Il tuo debutto comico è stato allo Zelig

«Portai il mio primo monologo Diventare Torero come provino. Era la storia di uno che diventa torero facendo il corso per corrispondenza della scuola Radioelettra di Torino e gli arrivano la muleta (bandierina col drappo di color rosso – NdR), il capote (mantello – NdR), el estoque (spada – NdR), ma non il toro e lui per esercitarsi infilza la nonna. È andata bene. Zuzzurro e Gaspare mi hanno scelto subito per fare Emilio, un programma che ricordo con tanto affetto, dove ho lavorato con Teo Teocoli e Faletti. Stiamo parlando del 1988».

“Mettiamo in scena l’inesistente che c’è e chiediamo un reddito minimo di 5.000 euro”

Milano in un’immagine?

«San Siro, lo stadio Meazza, è un posto magico. Un monumento che è diventato il simbolo del calcio italiano nel mondo. Una delle cattedrali più belle di Milano. Altri tempi, si dirà. Mi auguro che non venga demolito, mi dispiacerebbe. La sua demolizione è “insensata”. Come lo sarebbe l’abbattimento della Scala».

Con quale persona passeggeresti per Milano?

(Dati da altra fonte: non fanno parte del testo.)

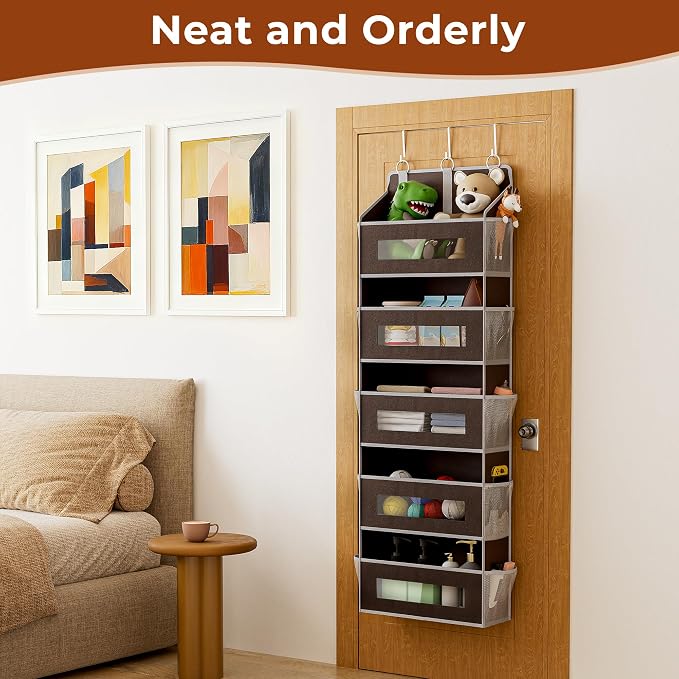 2 Pack 5 Tier Over The Door Organizer - Large Capacity Behind Door Hanging Shelves with 10 Mesh Pockets and Clear Windows, Closet Organizers and Storage for Bathroom, Bedroom, Nursery, Brown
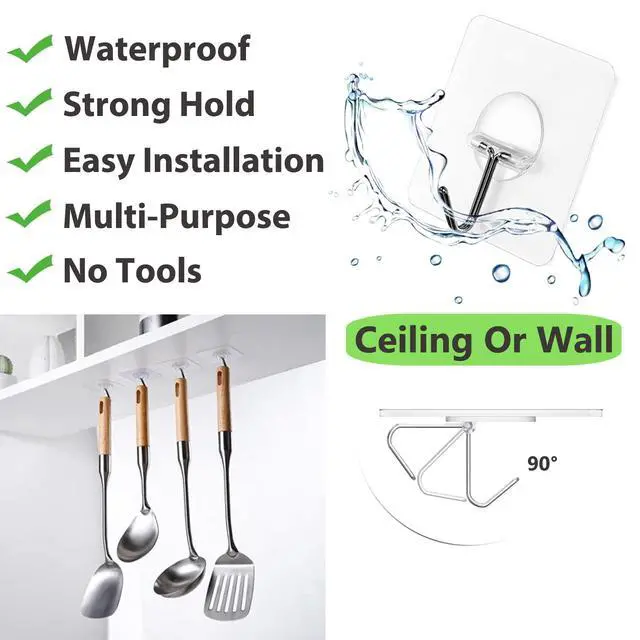 Alt view image 2 of 7 - Adhesive Wall Hooks 13LB Heavy Duty No Drill Transparent Waterproof Hooks for Bathroom Kitchen Towel Coat 8 Pack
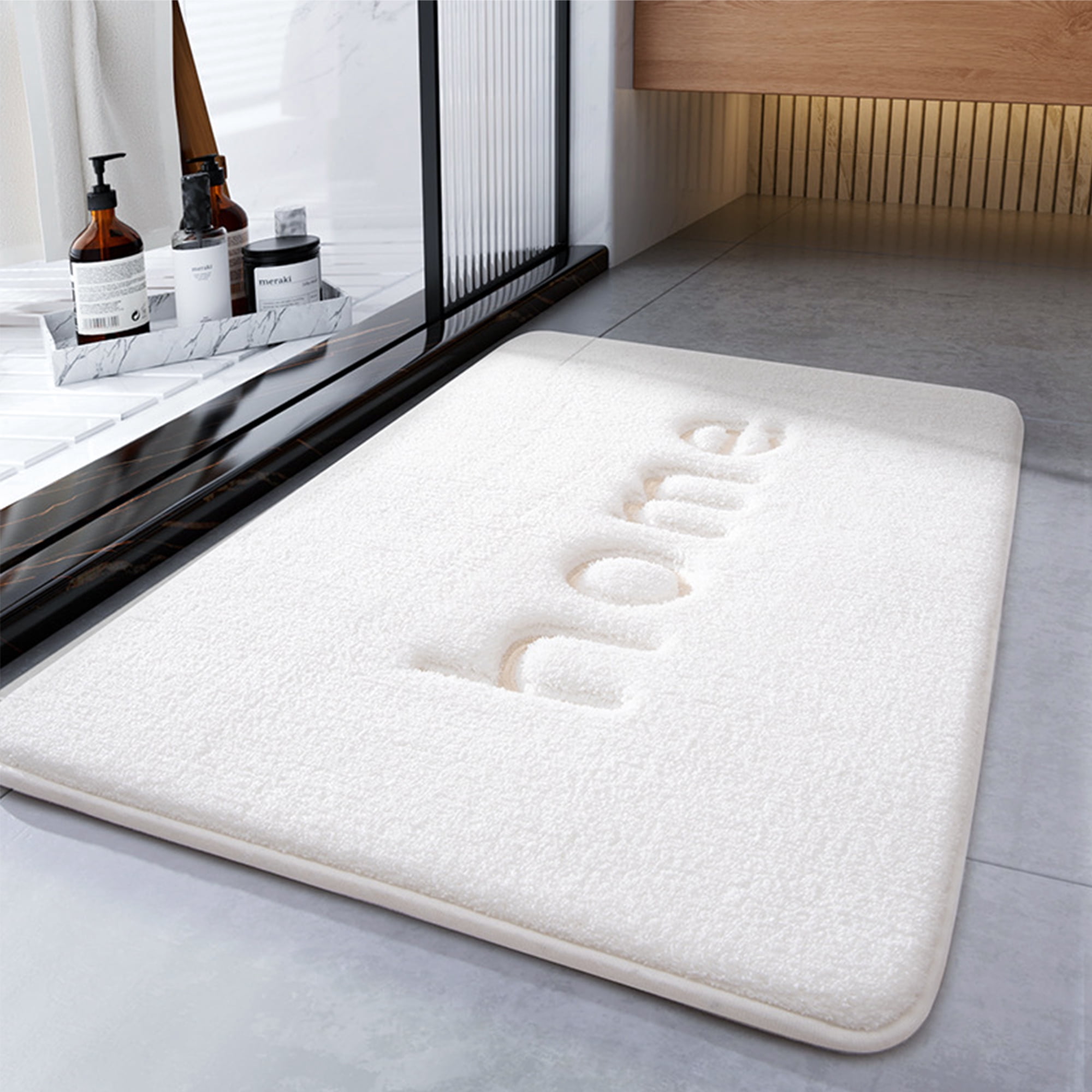Unique Bargains Funny Letters Bath Rugs Non Slip Washable Bath Mats White 16" x 24"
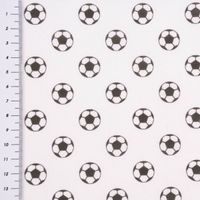 Baumwollstoff Organic Bio Goal Allover Fußbälle weiß schwarz 1.50m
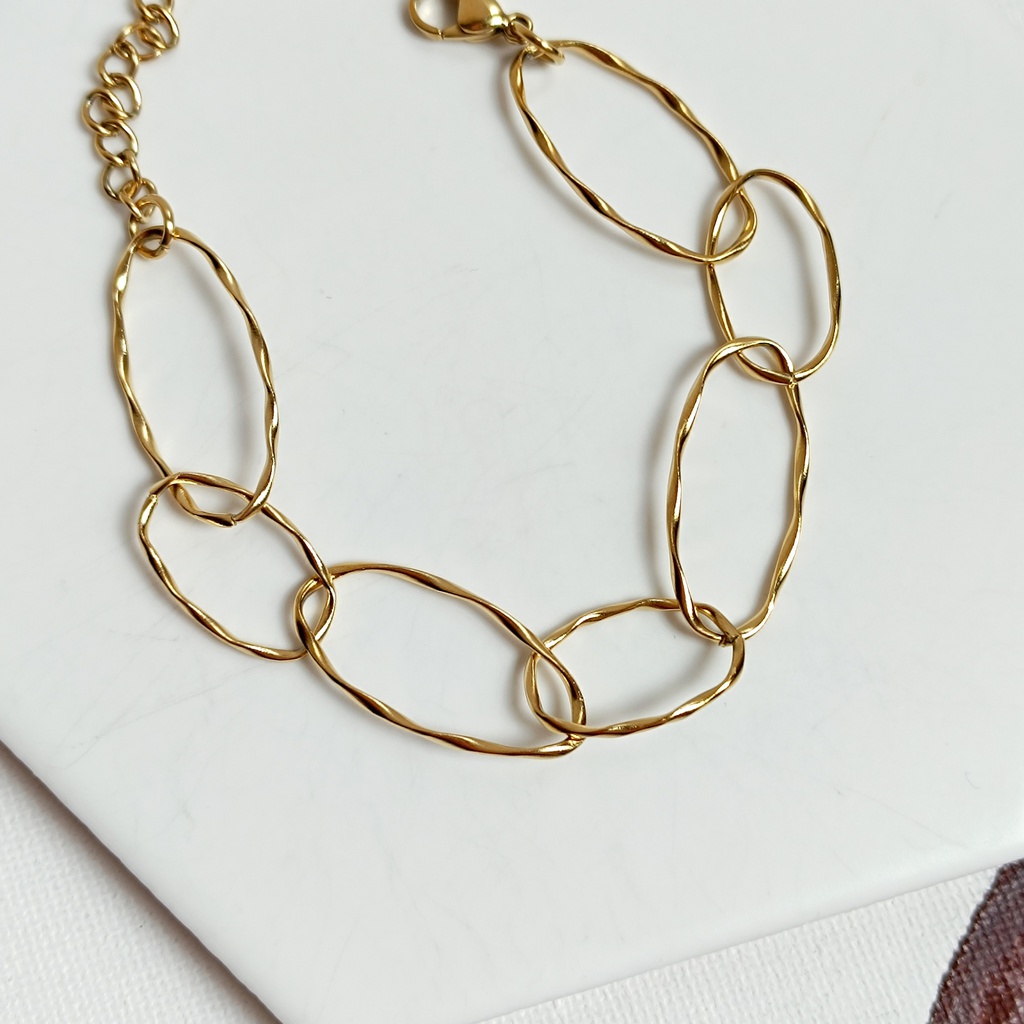 Pulsera Óvalos Grandes Dorado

«Con il poeta Luciano Erba (scomparso nel 2010 – NdR), milanesissimo, che alla città ha dedicato versi memorabili. Osserva, s’interroga, cerca, ma senza affanni, senza pretendere di comprendere tutto. E su tutto uno sguardo d’ironia, ora affettuosa, ora tagliente, mai distaccato. Lo citai in una trasmissione di Oliviero Beha e mi aveva chiamato stupito che lo conoscessi. Mi ha accolto tante volte a casa sua in zona via Washington».

Ti piace la poesia?

«Da trent’anni leggo quasi esclusivamente poesia perché è lì che trovo si dica qualcosa di realmente significativo. Nell’era delle parole usurate e mercificate, la parola poetica ha il potere di farle nuovamente brillare, renderle nuove e ricche, restituire loro una pienezza. Di fare apparire nel mondo cose che prima non c’erano. E cambiare il nostro sguardo. Ho pubblicato anche un libro di poesie per Einaudi Sistemazione provvisoria del buio nel 2001».

Nel talk show di Porro su Rete 4 regali sempre qualcosa agli ospiti intervenuti. Al sindaco di Milano cosa regali?
«Un cartello stradale con indicato il limite massimo di velocità urbana delle auto: 20 km/h».

Ma come, vuoi abbassare il limite dei 30 all’ora?

«A Milano non c’è il mare? Così diventerà la più grande isola pedonale d’Europa».